Aux élections du printemps 1970, Pierre Bourgault avait accepté de se présenter comme candidat péquiste dans le comté de Taillon. C’est moi qui lui avais téléphoné. Nous étions convaincus que les membres réunis l’accueilleraient à bras ouverts et que la population le choisirait, Jacques Ferron ayant obtenu 30% des voix en 1966 pour le RIN. Or, à l’assemblée d’investiture, J.Y. Lefevbre, l’autre candidat qui souhaitait briguer sous la bannière péquiste, avait comme on dit «paqueté la salle»*. Celle-ci était bourrée de plusieurs centaines de «membres» inconnus qui chahutaient, avec, en poche, leur carte du parti si fraîchement imprimée que l’encre n’était pas encore sèche. Jacques Parizeau, présent sur place pour appuyer Bourgault, fulminait. Cet aparté pour dire que finalement, nous sommes tous partis (Bourgault et Parizeau inclus), refusant d’assister à notre défaite par pillage. Lefebvre fut donc élu candidat officiel du PQ par acclamation, dans une salle remplie de faux péquistes.
Refusant de baisser les bras et surtout de voir un homme corrompu accéder au statut de député de notre nouveau Parti Québécois, nous avons approché Serge Mongeau pour qu’il se présente comme candidat indépendant indépendantiste. Outré comme nous tous, il accepta sur-le-champ. Serge n’a pas été élu, il fallait s’y attendre. Toutefois, il récolta assez de votes pour empêcher le forban de l’être. Mission accomplie, mais immense déception, dont on sait qu’elle contribua au retour du FLQ l’automne suivant.
Prisonniers politiques
Avec le poète Gaston Miron, le médecin social participa à la fondation du Mouvement pour la défense des prisonniers politiques québécois.

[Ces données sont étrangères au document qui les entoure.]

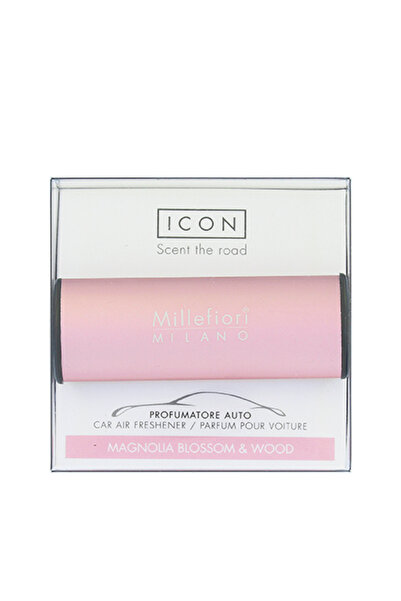 Millefiori Odorizant auto Icon Classic Magnolia Blossom & Wood, roz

Comme quelque 500 autres innocents, il fut emprisonné lors de la crise d’Octobre 1970, comme quelque 500 autres innocents, sans raison le 16 octobre. Pour la police et l’armée, tous les citoyens indépendantistes étaient considérés comme des supporteurs du FLQ, et de facto, étaient privés de leurs droits. Ce qui, cela est désormais connu, est entièrement faux. Serge a maintenu qu’il avait été maltraité durant son incarcération. Je me souviens qu’il m’a dit avoir savouré, avec une délectation sans nom, un grand bol de crème glacée lors de son retour à la maison, après plus d’une semaine à l’ombre.
Serge vivra aussi l’aventure de l’organisation communautaire à Haïti et au Chili. Il était présent lors du coup d'État de Pinochet, en 1973 au Chili. Ce putsch, qui le marqua profondément, lui a inspiré le livre Le rêve écrasé Québec-Chili.
Je voulais ajouter mon brin d’amour et de reconnaissance au flot d’éloges qui lui parviennent depuis son décès. Merci pour tout, Serge, et pour bien d’autres choses encore.